Tool use introduces a new class of failure modes that pure text generation does not have:

Schema compliance failures: The model outputs a tool call with invalid parameters — wrong types, missing required fields, values outside enum sets. Constrained decoding eliminates this at the output layer; schema validation catches it before execution when constrained decoding is unavailable.

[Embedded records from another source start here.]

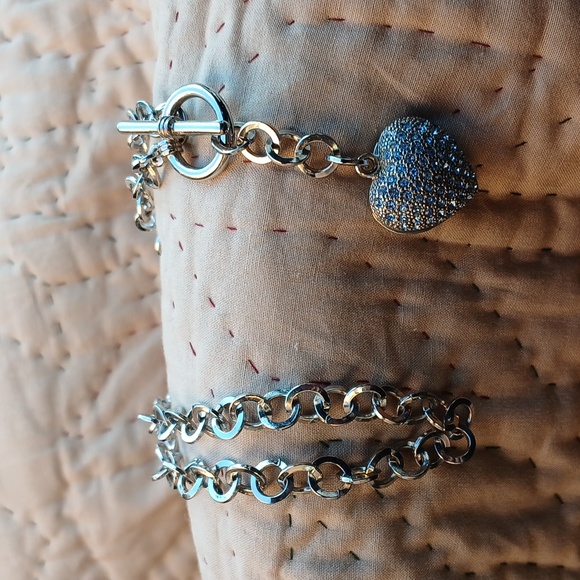 Pave crystal heart pendant w/toggle adj link chain. Silvertone - Picture 4 of 5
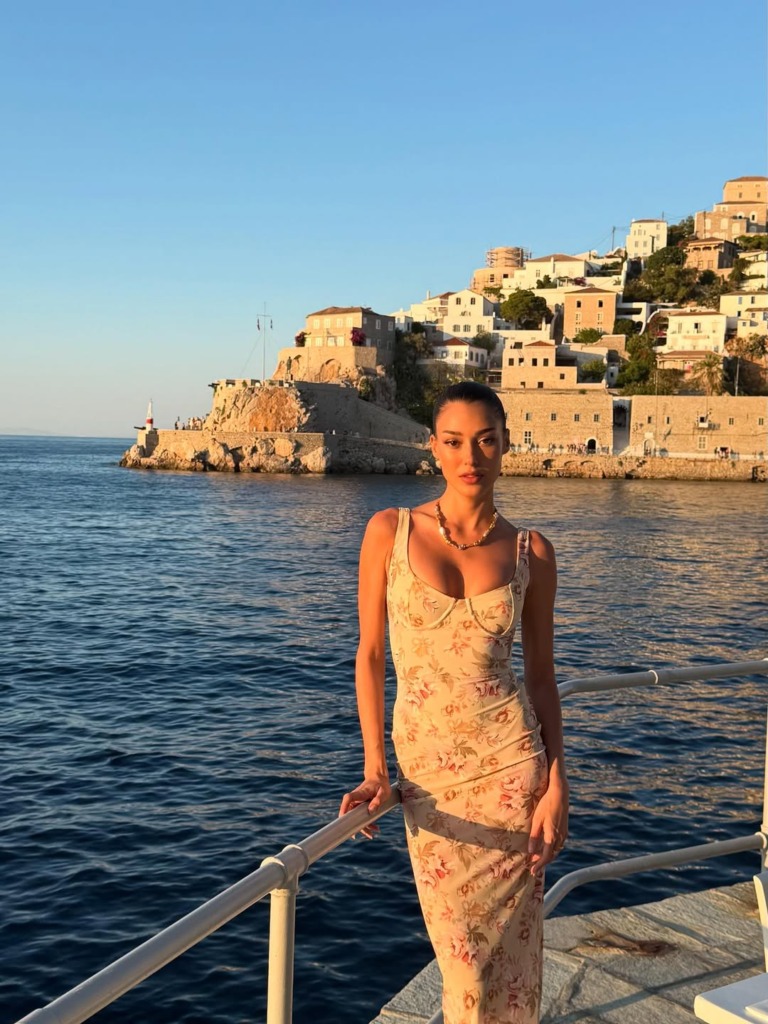 Leonard Cohen’in İzinde Hydra Adası: Dilan Çiçek Deniz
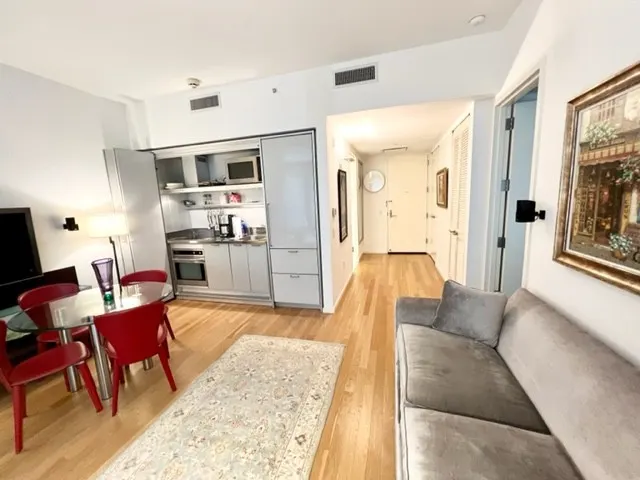 18 West 48th Street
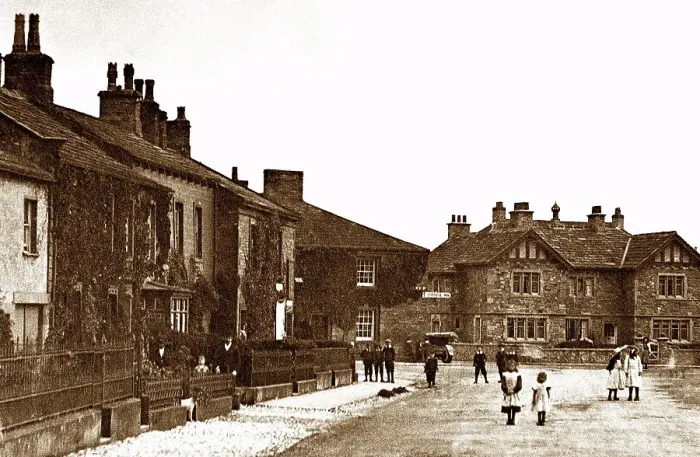 Framed Print : High Street, Gargrave, early 1900s Framed Print : High Street, Gargrave, early 1900s
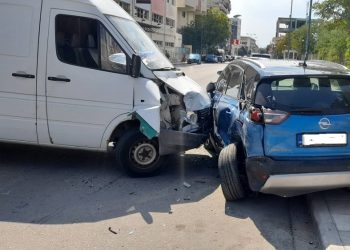 Τροχαίο μπροστά στο γενικό Νοσοκομείο Λάρισας -Τραυματίστηκε κοριτσάκι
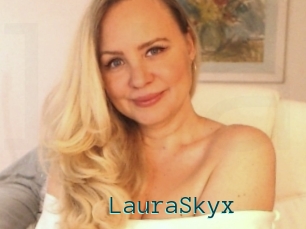 LauraSkyx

Tool selection failures: The model calls the wrong tool, fails to call when it should, or calls tools unnecessarily. These are prompt engineering and schema design problems — the quality of tool descriptions determines selection accuracy more than model size in most cases.

Execution failures: The tool runs but returns an error. The model must decide whether to retry, fall back to a different tool, or surface a degraded response. Error propagation through tool results is a first-class concern.

Security failures: Tool parameters derived from user-controlled content can redirect agent behavior. Parameter validation must happen at the execution layer, not in the prompt.

Best Practices

Structure Tool Schemas for Precision

MUST define description at both the tool level and for each parameter. The model reads descriptions at inference time to decide which tool to call and how to populate parameters:

python
# OpenAI / Anthropic shared schema structure
search_tool = {
    "name": "search_documents",
    "description": (
        "Search the knowledge base for documents relevant to a query. "
        "Use this when the user asks a factual question that may be answered "
        "by internal documentation. Do NOT use for real-time data."
    ),
    "input_schema": {          # Anthropic; OpenAI uses "parameters"
        "type": "object",
        "properties": {
            "query": {
                "type": "string",
                "description": "The search query in natural language, 5-100 words."
            },
            "max_results": {
                "type": "integer",
                "description": "Number of results to return. Default 5, max 20.",
                "default": 5
            },
            "date_filter": {
                "type": "string",
                "enum": ["last_7_days", "last_30_days", "last_year", "all_time"],
                "description": "Restrict results to documents published within this window."
            }
        },
        "required": ["query"]
    }
}

MUST use enums for parameters with a fixed value set. An enum on date_filter prevents the model from hallucinating "last_week" or "recent":

SHOULD keep schemas flat. Deeply nested objects create more parsing surface area and inflate argument token counts. If you need nested data, accept a JSON string and parse it in the tool implementation rather than encoding the nesting in the schema.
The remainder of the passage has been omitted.